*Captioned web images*
····················
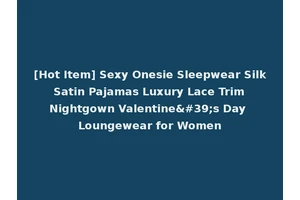 [Hot Item] Sexy Onesie Sleepwear Silk Satin Pajamas Luxury Lace Trim Nightgown Valentine's Day Loungewear for Women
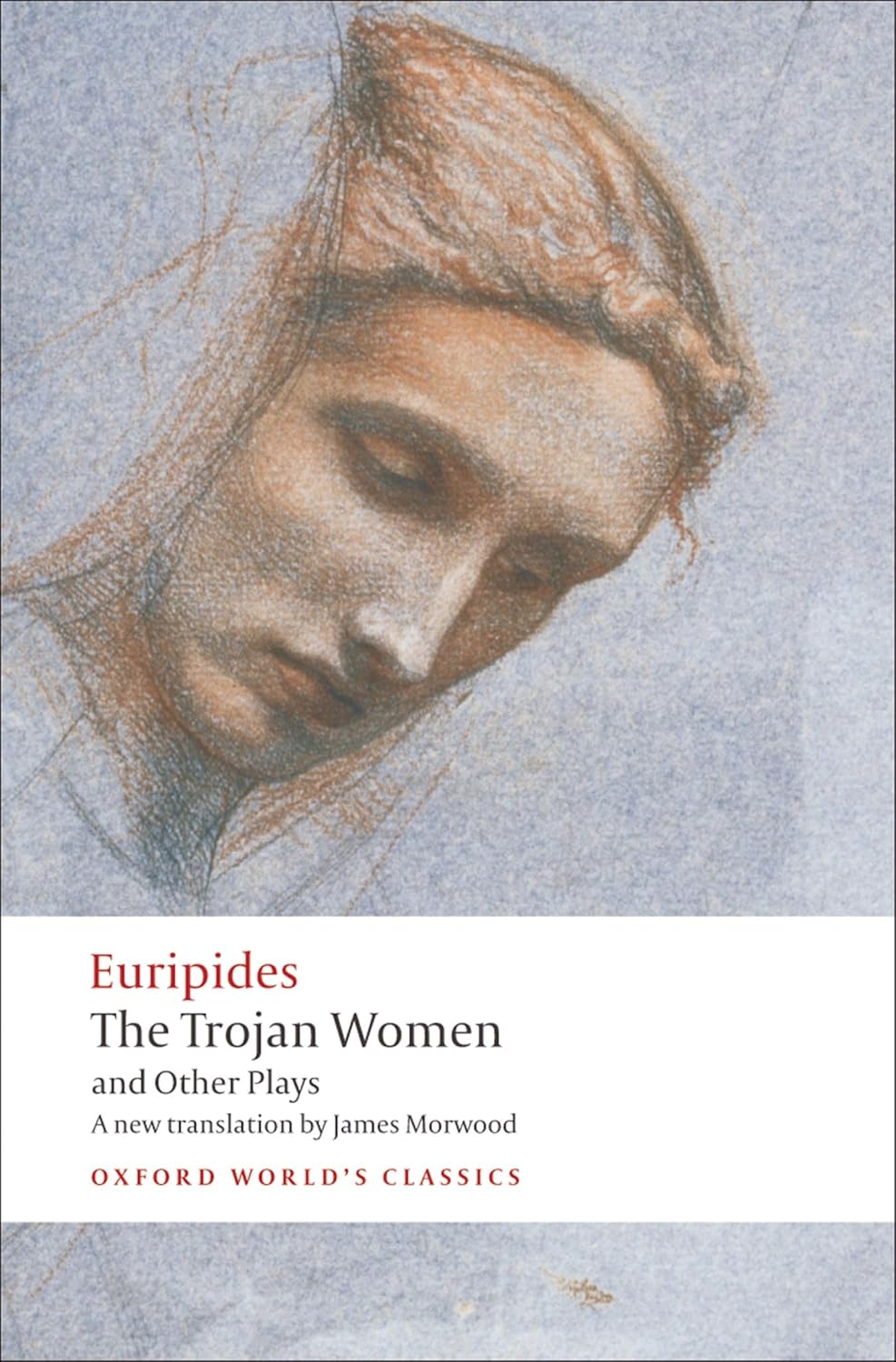 The Trojan Women and Other Plays (Oxford World's Classics) (English Edition) baixar o livro de graça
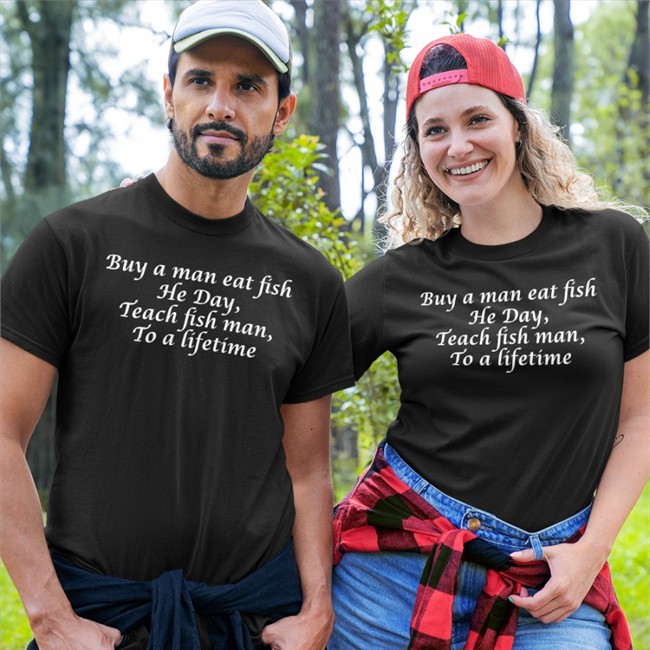 Goodshirts Merch Buy A Man Eat Fish He Day Teach Fish Man To A Lifetime Sweatshirt Poorly Translated Shirts Buy A Man Eat Fish He Day Teach Fish Man To A Lifetime Shirt Poorly Translated Shirts Goodshirts Merch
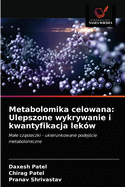 Metabolomika celowana: Ulepszone wykrywanie i kwantyfikacja lek?w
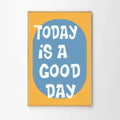 Retro Today Is A Good Day Canvas Posters by Axyaa for Modern Home Decor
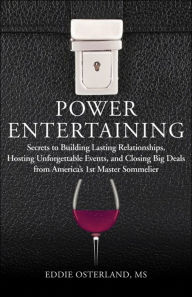 Title: Power Entertaining: Secrets to Building Lasting Relationships, Hosting Unforgettable Events, and Closing Big Deals from America's 1st Master Sommelier, Author: Eddie Osterland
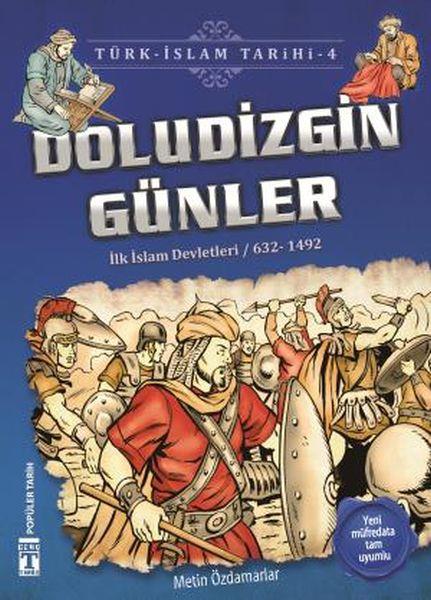 Doludizgin Günler - Türk İslam Tarihi 4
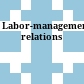  Labor-management relations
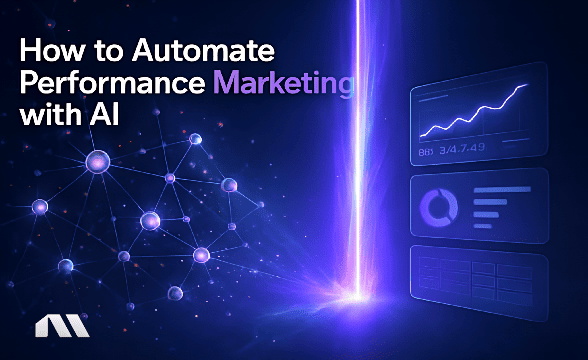 How to Automate Performance Marketing with AI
····················
With pictures left out, repeat exactly the lines from the line bearing "The Trojan Women" through the final line of the records above.

*Expected answer*
 The Trojan Women and Other Plays (Oxford World's Classics) (English Edition) baixar o livro de graça
 Goodshirts Merch Buy A Man Eat Fish He Day Teach Fish Man To A Lifetime Sweatshirt Poorly Translated Shirts Buy A Man Eat Fish He Day Teach Fish Man To A Lifetime Shirt Poorly Translated Shirts Goodshirts Merch
 Metabolomika celowana: Ulepszone wykrywanie i kwantyfikacja lek?w
 Retro Today Is A Good Day Canvas Posters by Axyaa for Modern Home Decor
 Title: Power Entertaining: Secrets to Building Lasting Relationships, Hosting Unforgettable Events, and Closing Big Deals from America's 1st Master Sommelier, Author: Eddie Osterland
 Doludizgin Günler - Türk İslam Tarihi 4
  Labor-management relations
 How to Automate Performance Marketing with AI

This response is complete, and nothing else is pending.